The Actors: Angelina Jolie, Liev Schrieber, Chiwetel Ejiofor, Andre Braugher, etc (Wouldntcha just hate being among the actors listed here as 'etc'. It's like bands listed on the playbill as 'and others'. Sheesh).

The Dealio: Evelyn -model gorgeous, whip smart and as agile as gutta percha- stands accused as a double agent by a CIA 'walk-in' and must prove her innocence. The jury, once the fit hits the shan- goes from about 50/50 on the subject of her innocence/guilt to an overwhelming verdict of guilt as this actioner-originally intended as a Tom Cruise vehicle- kicks, slashes, jumps and explodes its way to a final showdown.

The Grading Session: 3.91 pengies out of 5. Lack of memorable music is the least of this films debits. Figured out that this entire thaang unspools over about 2-3 days, during which Salt is involved in a slashing, a beating, a series of jumps first, from a bridge onto a moving 18-wheeler, then from the 18-wheeler onto a tanker (who, in his right mind, fires at an oil tanker on a crowded freeway?), then onto an armored truck- which hits its brakes and sends her spinning onto several lanes of a DC area highway, into a bona fide chopper high-jacking, with scant damage to her. I couldn't even manage to cross the street in downtown DC without fearing for life and limb. Evelyn. Honey. Do yourself a favor and take some lessons from the Jason Bourne playbook.
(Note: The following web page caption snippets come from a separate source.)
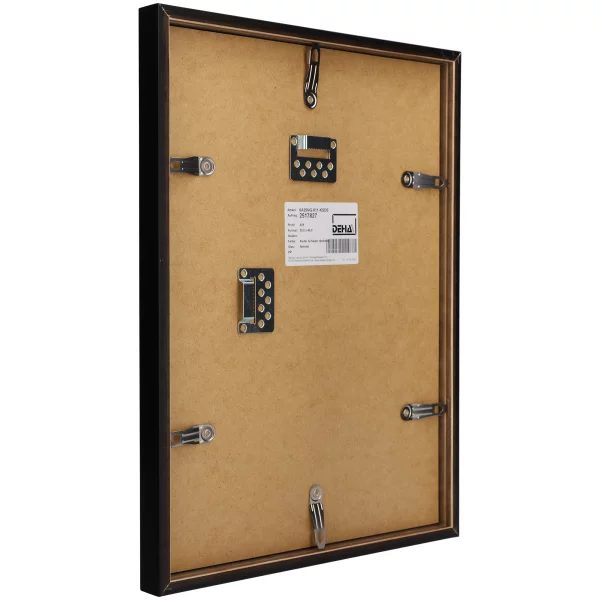 Cadre en bois Hamal sur-mesure pin noir couvrant | verre standard (2 mm)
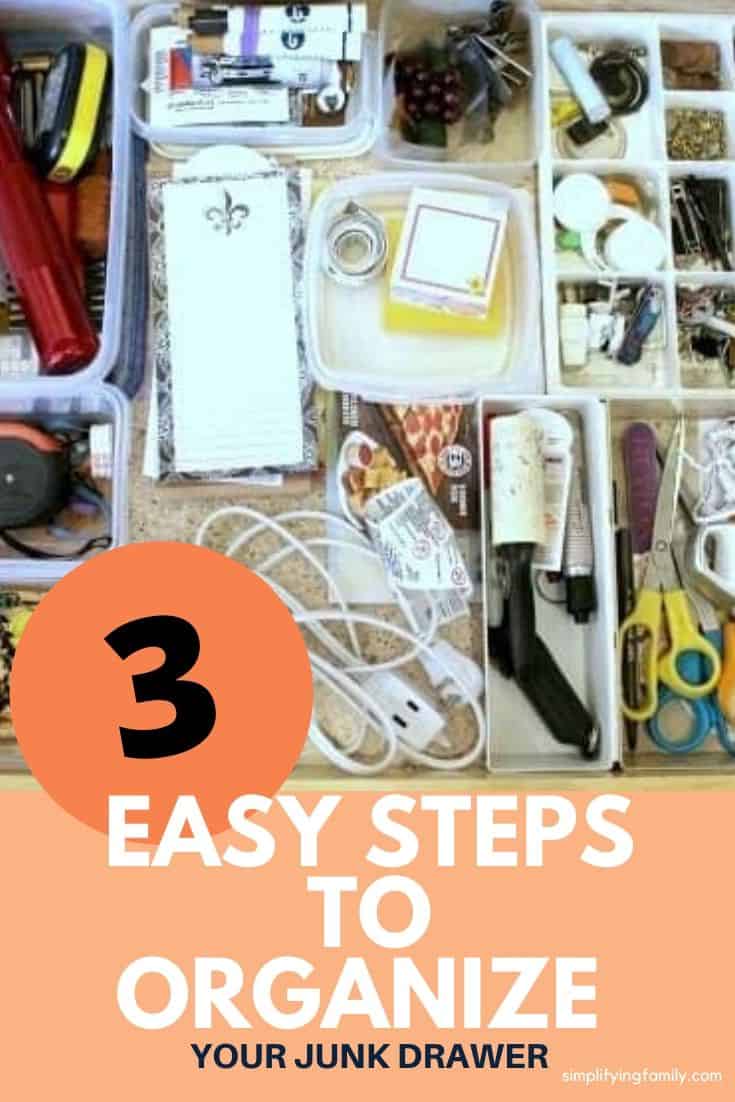 Organizing the Junk Drawer in 3 Easy Steps 2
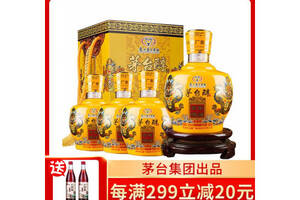 52度贵州茅台醇百年辉煌收藏级浓香型白酒500mlx4瓶整箱价格？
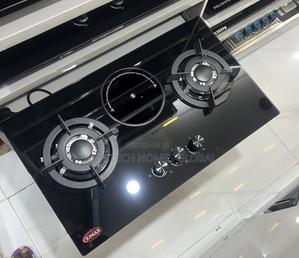 Kimax 2 Gas Burner + Electric Hot Plate Built-in Gas Cooker Original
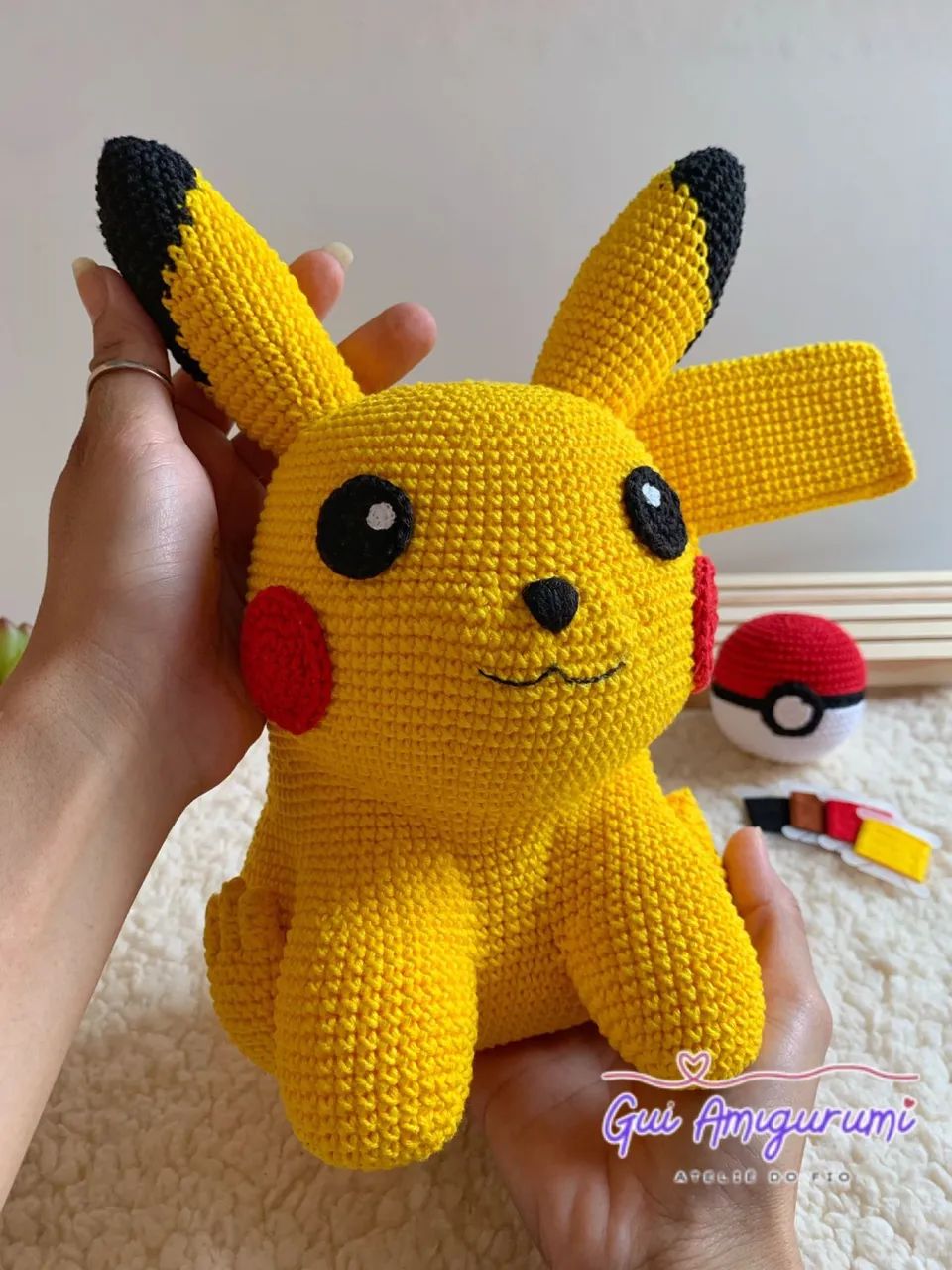 Pikachu Pokémon Amigurumi Chibi Funko Anime Personalizado Artesanal 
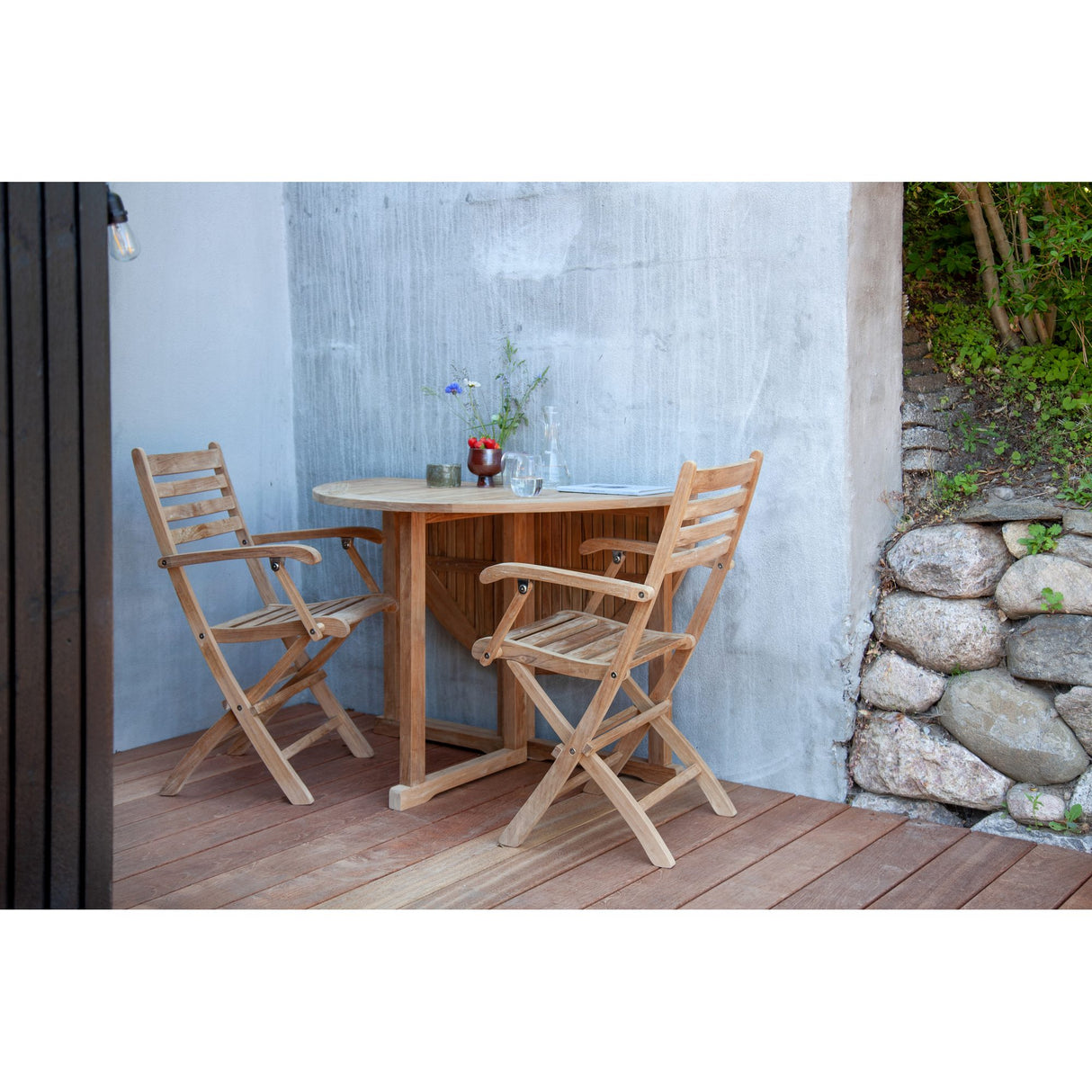 Butterfly Trädgårdsbord 110 cm Teak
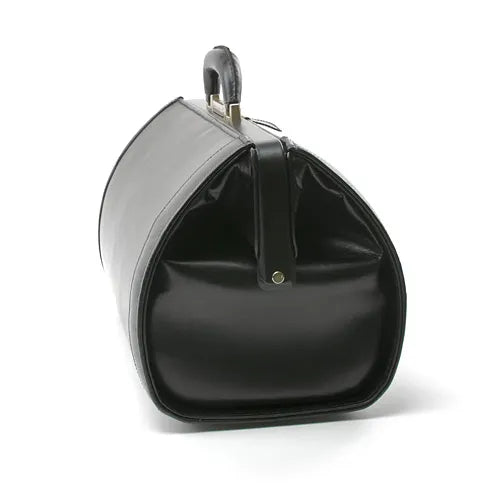 Leder Arzttasche Bradford von M.Wright & Sons - schwarz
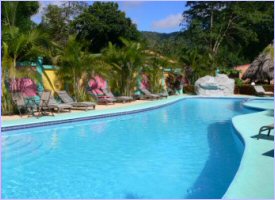 Swimming pool at La Palmera Hotel in Jaco, Costa Rica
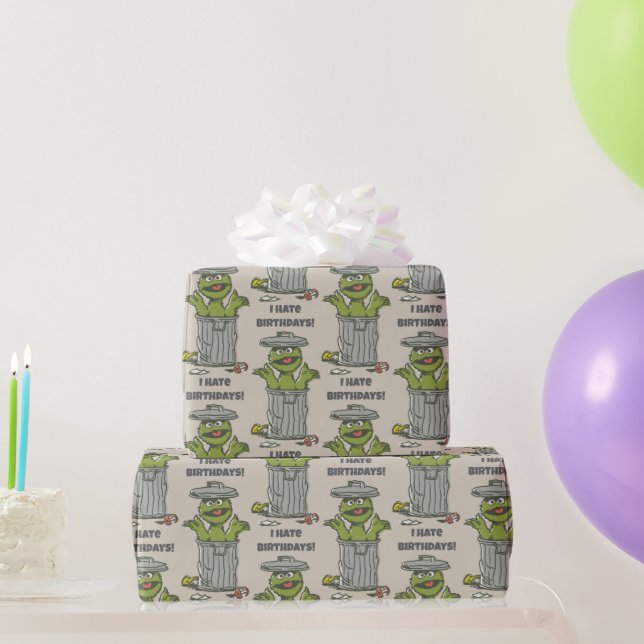 Papel De Presente Oscar the Grouch Vintage (Presentes para festas)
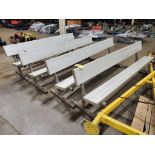 (4) Aluminum 8' Benches w/ Back ($50 Loading Fee Will be Added to Buyers Invoice)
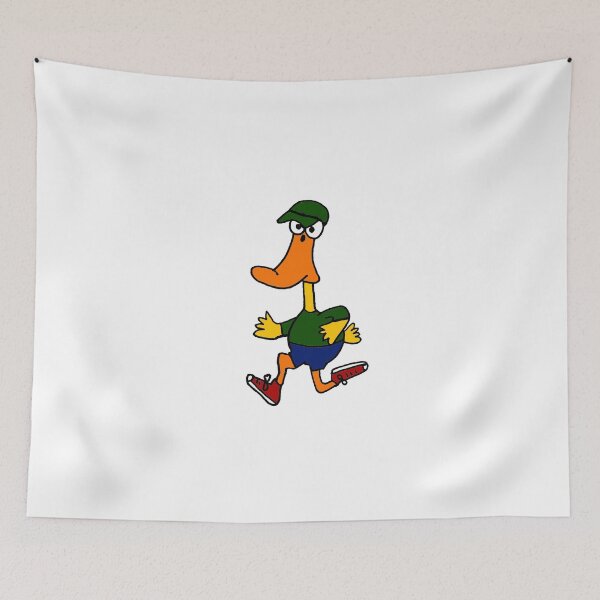 Item preview, Funny Duck Jogging Cartoon designed and sold by Nature's Fancy.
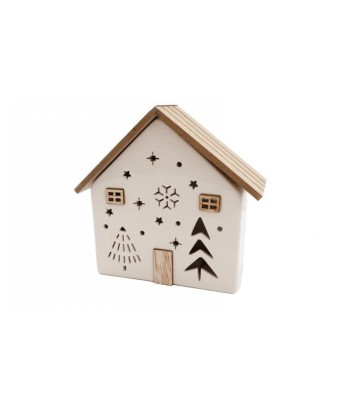 15x15cm Led Ceramic House Deco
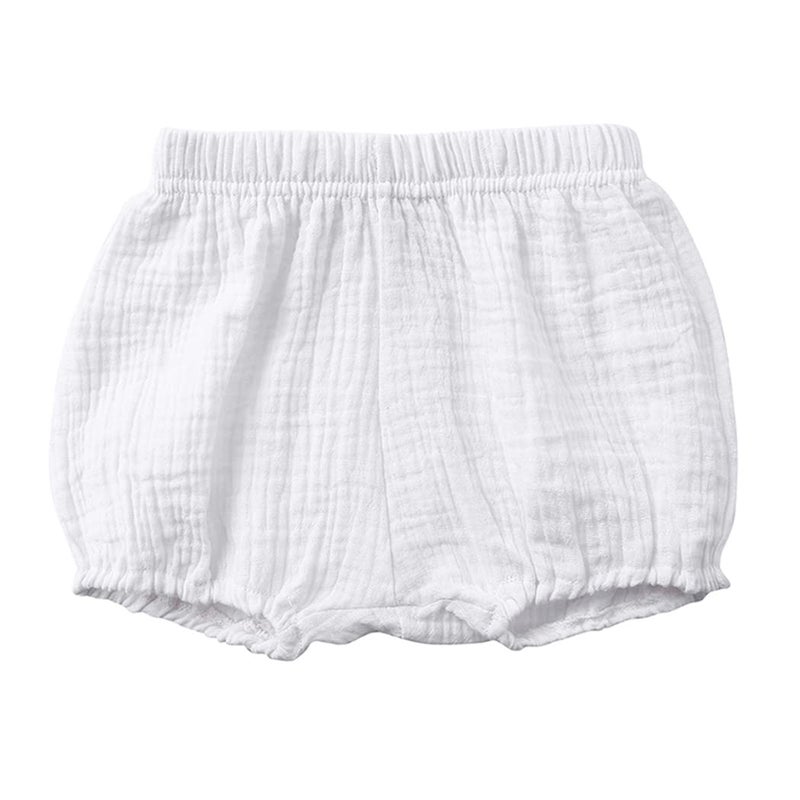 MYGBCPJS Baby Girls Boys 3 Pack Cotton Linen Blend Cute Bloomer Shorts Loose Harem Shorts - Image 3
Lessons Learned: Angelina Jolie does not make a creditable male. Even with body makeup. Also- If you can not figure out who the bad guys are in this one before the general populace of this particular cinematic universe, I would be really surprised. Lastly: when Angelina Jolie is on the lam, there is no end to the relentlessly chic 'grabbed-on-the-fly' outfits she comes up with. Would that Jason Bourne or Jack Reacher had access to the same splendid resources during their moments of egress and flight. Still...better than Ator, The Fighting Eagle.